Le père Jens Petzold joue de la flûte traversière pendant la messe dans son couvent de Souleymanieh. (Photo: ACN)
« Environ 2 000 à 3 000 personnes viennent au monastère chaque année pour participer à ces cours, et très peu d’entre elles sont chrétiennes... Chez nous, tous viennent: majoritairement des musulmans sunnites, des Syriens, des Kurdes, mais également des membres de minorités comme les yézidis, les sabéens, les baha’is. « Ce mélange est voulu, on étudie ensemble, on veut décloisonner. Outre les cours de langue, nous avons également créé des programmes sur le management, la prise de décision ».
Pour les réfugiés, ces formations leur donnent ainsi des clés indispensables pour s’intégrer au sein de leur ville d’accueil, leur permettant d’espérer trouver un emploi. «Nous répondons également aux besoins pastoraux de la petite communauté chrétienne locale. Nous sommes aussi activement impliqués dans la promotion du dialogue entre musulmans et chrétiens».

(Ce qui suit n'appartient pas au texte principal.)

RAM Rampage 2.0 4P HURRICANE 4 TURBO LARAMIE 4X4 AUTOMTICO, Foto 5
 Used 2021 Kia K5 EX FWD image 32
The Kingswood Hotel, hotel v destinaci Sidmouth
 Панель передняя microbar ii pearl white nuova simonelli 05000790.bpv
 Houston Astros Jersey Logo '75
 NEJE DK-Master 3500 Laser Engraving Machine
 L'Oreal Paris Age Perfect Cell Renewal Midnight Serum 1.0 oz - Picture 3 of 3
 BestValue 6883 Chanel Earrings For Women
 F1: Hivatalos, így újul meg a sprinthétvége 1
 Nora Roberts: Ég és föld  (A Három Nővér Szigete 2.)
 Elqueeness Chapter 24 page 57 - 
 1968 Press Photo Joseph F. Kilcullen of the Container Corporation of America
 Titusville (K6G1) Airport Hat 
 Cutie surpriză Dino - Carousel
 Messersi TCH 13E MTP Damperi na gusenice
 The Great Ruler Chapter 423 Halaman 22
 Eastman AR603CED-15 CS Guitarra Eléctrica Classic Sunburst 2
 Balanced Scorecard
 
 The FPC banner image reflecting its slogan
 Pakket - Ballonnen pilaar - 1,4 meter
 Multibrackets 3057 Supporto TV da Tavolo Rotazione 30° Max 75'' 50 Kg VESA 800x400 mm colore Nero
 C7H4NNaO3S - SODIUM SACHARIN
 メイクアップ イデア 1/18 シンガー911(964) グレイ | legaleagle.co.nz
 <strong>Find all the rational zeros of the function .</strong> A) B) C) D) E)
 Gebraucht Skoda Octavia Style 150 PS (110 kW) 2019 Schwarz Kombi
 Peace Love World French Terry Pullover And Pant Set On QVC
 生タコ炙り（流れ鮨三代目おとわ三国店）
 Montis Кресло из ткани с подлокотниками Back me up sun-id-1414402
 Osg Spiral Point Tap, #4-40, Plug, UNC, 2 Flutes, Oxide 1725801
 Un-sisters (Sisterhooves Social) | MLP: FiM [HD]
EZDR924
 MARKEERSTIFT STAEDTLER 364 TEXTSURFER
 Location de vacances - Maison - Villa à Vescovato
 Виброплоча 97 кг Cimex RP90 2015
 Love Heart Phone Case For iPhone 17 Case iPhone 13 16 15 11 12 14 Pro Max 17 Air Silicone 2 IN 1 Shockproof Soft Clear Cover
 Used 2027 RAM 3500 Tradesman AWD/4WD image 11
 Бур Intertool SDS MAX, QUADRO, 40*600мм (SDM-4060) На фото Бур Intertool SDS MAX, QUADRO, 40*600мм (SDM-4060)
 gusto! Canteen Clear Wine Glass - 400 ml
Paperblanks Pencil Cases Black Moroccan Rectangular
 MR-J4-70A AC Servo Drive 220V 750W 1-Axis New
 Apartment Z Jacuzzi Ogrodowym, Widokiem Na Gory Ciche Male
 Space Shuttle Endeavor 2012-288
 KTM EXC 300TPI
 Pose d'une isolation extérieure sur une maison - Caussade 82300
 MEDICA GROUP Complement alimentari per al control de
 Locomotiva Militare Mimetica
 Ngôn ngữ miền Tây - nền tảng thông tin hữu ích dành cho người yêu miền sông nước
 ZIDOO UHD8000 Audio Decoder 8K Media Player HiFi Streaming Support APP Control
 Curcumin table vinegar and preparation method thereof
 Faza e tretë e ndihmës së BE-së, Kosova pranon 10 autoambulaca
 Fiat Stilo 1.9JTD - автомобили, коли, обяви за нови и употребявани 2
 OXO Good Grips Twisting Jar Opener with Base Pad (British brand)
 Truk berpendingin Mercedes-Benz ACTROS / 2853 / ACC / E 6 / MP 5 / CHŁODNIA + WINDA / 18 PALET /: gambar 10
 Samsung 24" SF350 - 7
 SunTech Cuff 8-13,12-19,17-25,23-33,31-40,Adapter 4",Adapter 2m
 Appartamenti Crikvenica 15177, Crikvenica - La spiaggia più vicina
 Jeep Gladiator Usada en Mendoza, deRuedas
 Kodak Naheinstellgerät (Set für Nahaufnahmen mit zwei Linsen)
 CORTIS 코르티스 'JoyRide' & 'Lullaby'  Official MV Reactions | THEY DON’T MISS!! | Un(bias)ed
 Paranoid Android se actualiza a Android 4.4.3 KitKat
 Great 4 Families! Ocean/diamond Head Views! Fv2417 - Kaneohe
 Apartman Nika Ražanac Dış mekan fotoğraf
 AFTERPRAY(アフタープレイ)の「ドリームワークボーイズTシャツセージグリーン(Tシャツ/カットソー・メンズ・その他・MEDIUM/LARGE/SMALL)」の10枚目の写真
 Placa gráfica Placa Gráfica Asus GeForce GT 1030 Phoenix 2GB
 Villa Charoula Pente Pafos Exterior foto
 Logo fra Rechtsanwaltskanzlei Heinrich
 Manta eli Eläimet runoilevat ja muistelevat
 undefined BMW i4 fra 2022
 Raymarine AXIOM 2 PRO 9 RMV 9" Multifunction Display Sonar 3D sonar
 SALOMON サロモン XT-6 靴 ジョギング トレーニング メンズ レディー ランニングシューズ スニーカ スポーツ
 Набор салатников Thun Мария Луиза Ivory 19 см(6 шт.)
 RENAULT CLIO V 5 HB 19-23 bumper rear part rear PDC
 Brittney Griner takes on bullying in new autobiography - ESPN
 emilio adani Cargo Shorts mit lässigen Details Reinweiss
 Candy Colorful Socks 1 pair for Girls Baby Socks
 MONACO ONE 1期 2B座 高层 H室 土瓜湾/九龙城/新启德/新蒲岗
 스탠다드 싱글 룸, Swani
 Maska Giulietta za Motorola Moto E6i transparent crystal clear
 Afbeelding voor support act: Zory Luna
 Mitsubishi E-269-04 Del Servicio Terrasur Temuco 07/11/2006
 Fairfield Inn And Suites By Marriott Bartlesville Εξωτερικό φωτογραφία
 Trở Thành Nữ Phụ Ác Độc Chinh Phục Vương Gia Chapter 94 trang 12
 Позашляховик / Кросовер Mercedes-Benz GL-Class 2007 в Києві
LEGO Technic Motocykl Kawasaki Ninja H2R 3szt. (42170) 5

Le moine zurichois pense que la plus grande contribution du monastère réside probablement dans les rencontres informelles qu’il facilite. «Boire du thé ensemble est probablement beaucoup plus efficace pour la consolidation de la paix que de longues discussions sur les droits de l’homme, c’est ma conviction personnelle». Les ateliers de théâtre multiethniques, multilingues et multireligieux, auxquels participent tant les Kurdes que les Arabes, contribuent au «vivre ensemble». Les participants au théâtre préparent pour cet automne une adaptation libre des Métamorphoses d’Ovide et projettent de faire des tournées dans plusieurs villes du Kurdistan irakien.